Keith Baker, 58, started with heart failure, a condition that worsened over time and ultimately caused irreparable damage to his kidneys. Not long after that, the Yuma, Arizona, native was diagnosed with cirrhosis of the liver. With triple organ failure, he was not believed to be a good candidate for transplant, said Dr. Josef Stehlik, surgeon and director of the heart transplant program at the U.
Stehlik said he received a call from Baker’s cardiologist in southwestern Arizona, who said Baker had a strong will to live and deserved the chance to make history.
Recent changes made by the United States Veterans Affairs provided increased options for where veterans are able to receive health care. University of Utah Health is one of the nationally designated heart transplant centers for the VA — meaning Baker was able to come to Utah for a chance at living.
“I thought I had one foot in the grave and the other on a banana peel,” said Baker, who was denied life-saving transplant surgery twice before. “I never had a fear of dying, I just knew I wanted to live.”
And, while he doesn’t believe he deserved it, he wanted the chance to be able to help his parents, who are getting on in years.
Three weeks ago, a single donor was identified to give Baker the opportunity of a longer life. And the group of U. physicians agreed to dive in.
“He had some level of resiliency … he could not be denied,” Selzman said. “We had no choice but to do this because he was so doggone ready to do this.”
It was a long procedure, requiring many skilled hands from multiple disciplines — and the kidney had to sit on ice for eight hours while Baker recuperated from his heart and liver transplant, said Dr. Jeffrey Campsen, abdominal surgeon and director of the kidney transplantation program at the U.
“The kidney can live longer on its own than the other organs,” he said. All three of the transplanted organs required special care, but because of the unique collaborative approach at the U., Campsen said, it was a success.

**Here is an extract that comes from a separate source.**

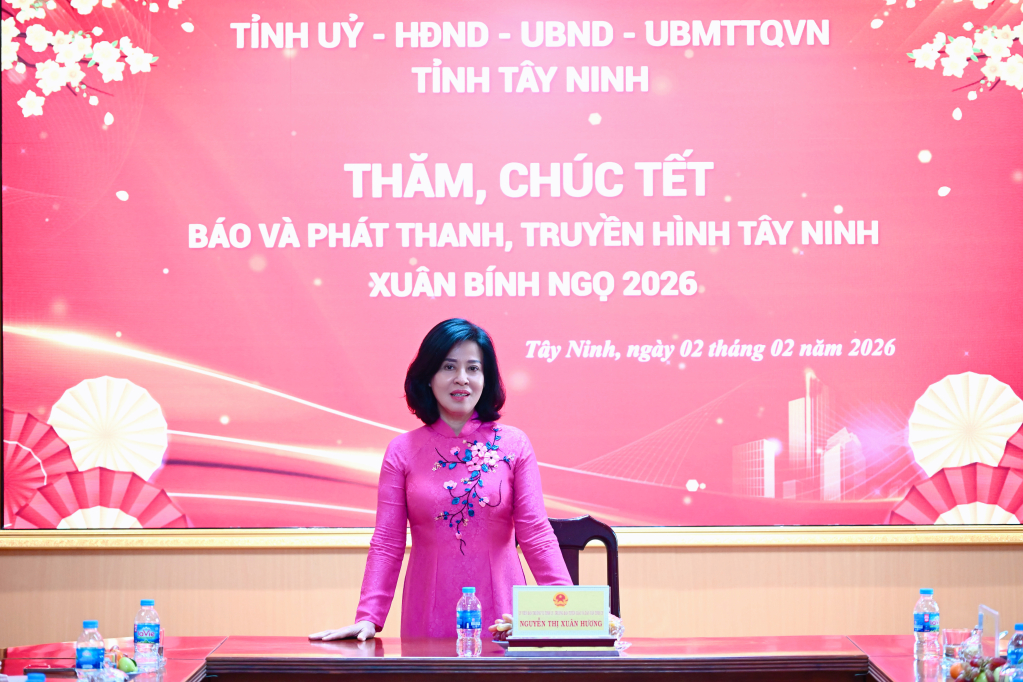 Ủy viên Ban Thường vụ Tỉnh uỷ, Trưởng Ban Tuyên giáo và Dân vận Tỉnh uỷ Tây Ninh Nguyễn Thị Xuân Hương đến thăm, chúc Tết Báo và phát thanh, truyền hình Tây Ninh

“Despite our initial pessimism, he proved us all wrong,” Selzman said, adding that Baker showed a “spirit of survival” that gave each of his caregivers hope.
“I wasn’t going to give up,” Baker said.
Baker served as an automotive mechanic in the U.S. Army from September 1981 to September 1983, when he was involved in an accident, hospitalized for eight months and ultimately medically discharged.
“Anything is possible … you’ve just got to go into it with a good attitude and just try and stay alive,” he said.
Baker, who is three weeks out from the major surgery in Utah, said he didn’t realize how sick he had been. “I missed out on what it feels like to feel good … now I know what it means to feel good.
“I feel young,” he said.
Stehlik said Baker is a good example of “why we come to work every day: We can help people who are in pretty bad shape for a really long time and get them back to active lives.”
Triple organ transplants are extremely rare, as only 25 liver, heart and kidney transplants have been done in the U.S. since 1989. Only two have been performed across the country this year, including Baker’s surgery at University of Utah Health.
Baker’s was made possible by a collaboration between the local VA, the VA in Phoenix and the national office in Washington, D.C., which funded the multi-organ transplant procedure.
“Donation as a whole is a rare gift. This one is incredibly rare,” said Camron Dovalina, director of organ recovery at Utah’s DonorConnect, which facilitates the match and delivery process of available organs across the Intermountain West. He said this particular donor was also able to give the other kidney and a pancreas to another grateful survivor at the same time.
Kidney and pancreas transplants are more commonly done in tandem, Dovalina said.